Больше того, в решении его нет необходимости, потому что рецепты здесь идут
скорее во вред делу, чем ему на пользу. Совершенно невозможно представить,
чтобы два исследователя-современника, занимающиеся одним периодом, даже при
полном согласии в трактовке событий и оценке явлений, изложили предмет
одинаково, так как каждый из них уделит большее внимание сюжетам,
соответствующим его научным интересам. Именно это разнообразие способствует
объективному познанию исторического процесса, который предстает перед
читателем в разных аспектах и, значит, наиболее полно.

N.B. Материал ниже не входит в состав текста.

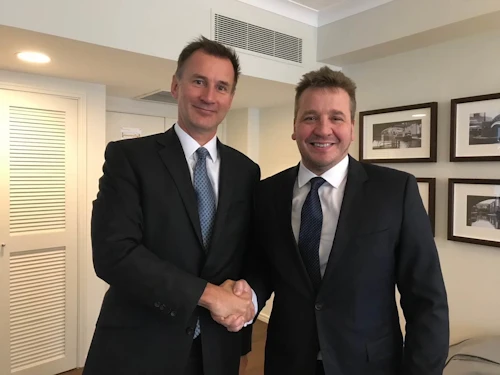 Jeremy Hunt, utanríkisráðherra Bretlands, og Guðlaugur Þór Þórðarson á fundi í Bretlandi í október sl.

Жанр, стиль и язык исторического повествования определяются тем, к кому
обращается автор: к группе ученых-специалистов или к широкому читателю,
интересующемуся темой исследования. В первом случае обязателен крайне
обстоятельный анализ сложных проблем, решение которых предлагается автором;
сокращенное до минимума изложение хода событий, потому что специалистам оно
известно; и сухой, деловой язык, ибо центр тяжести перенесен на
доказательство и историю вопроса. По существу, такая книга не что иное, как
большая статья.
Во втором случае автор уделяет больше внимания историческому синтезу,
опираясь на результаты аналитических работ через отсылочные сноски.
Повторять аргументацию цитируемых статей нецелесообразно, так как это лишит
читателя возможности следить за ходом мысли автора. Изложение развития
событий приобретает решающее значение, потому что в нем, как в фокусе
телескопа, сосредоточивается осмысление эпохи в целом. Язык допустим
образный, подчас эмоциональный.
Наконец, возможен и третий подход - справочный. Далеко не все разделы
истории одинаково хорошо известны читателям, в том числе самим историкам.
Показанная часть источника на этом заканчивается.